It is looking like President Barack Obama’s “Big Data” privacy plans might get through the Republican controlled Congress.
He has proposed action on a series of laws to address “Big Data” concerns, but most have not gone anywhere when many corporations want to collect data to sell products, and are telling their paid politicians to vote them down.
This was the reason that a proposal to update the outdated Electronic Privacy Communications Act to protect email and other data stored in the cloud died.
However that is starting to change after public concerns over privacy and cybersecurity that have been amplified by high-profile hacking of credit card data at companies such as Target and Home Depot.

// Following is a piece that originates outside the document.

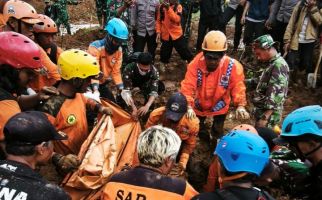 Korban Meninggal Dunia dalam Insiden Longsor di Pekalongan Bertambah jadi 22 Orang - JPNN.com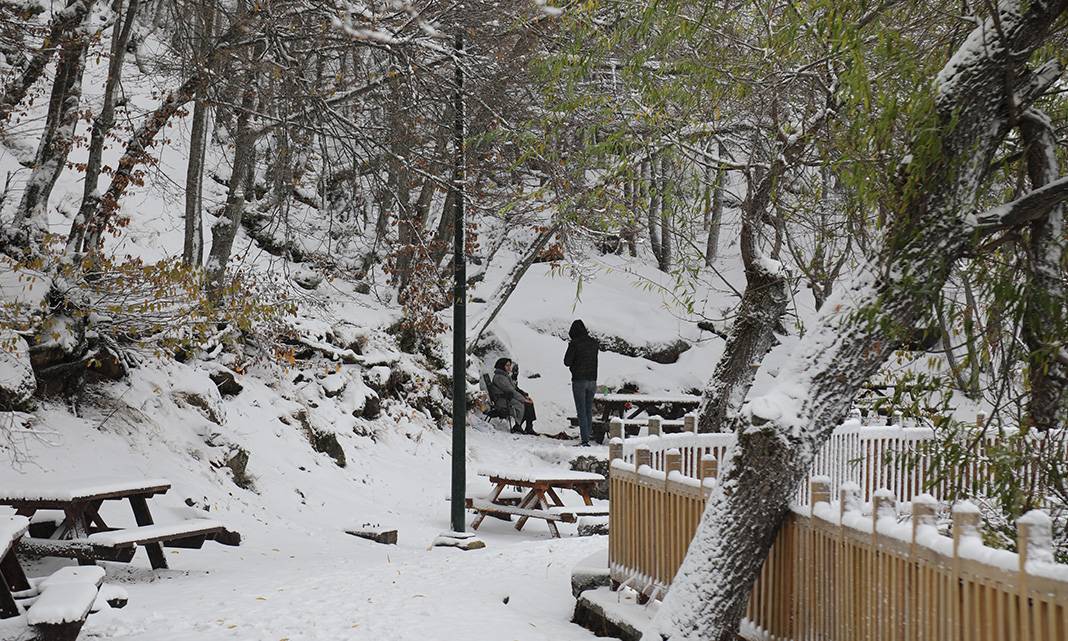 Başkent’te Karagöl Tabiat Parkı karlar altında kaldı 15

First up is a law being put through by Indiana Congressman Luke Messer, the chairman of the House of Representatives Republican Policy Committee, and Democrat Jared Polis of Colorado, an Internet entrepreneur who founded a network of charter schools.
He is pushing a student privacy bill which will stop big corporates collecting data on kids. The lawmakers have worked on the issue with privacy advocates and more than 100 companies including Microsoft, Google and News Corp subsidiary Amplify to develop a privacy pledge to prevent misuse of data collected in classrooms.
The law will make sure that data collected from students is used only for educational and legitimate research purposes.
Obama wants to go further and has proposed a new national standard to require companies to tell consumers within 30 days from the discovery of a data breach that their personal information had been compromised.
However, there are a patchwork of differing state regulations, which might put a spanner in the works.
Obama is also worried about how Big Data could be used to discriminate against people based on race or where they live for housing or jobs.
On Thursday, the White House will release a report on how companies use Big Data to offer different prices to different consumers saying that Big Data techniques have “turbocharged” price discrimination. Those sorts of laws will hack off the US corporate sponsors of the US political system, and might also die. But US reports are optimistic that Obama might win that one.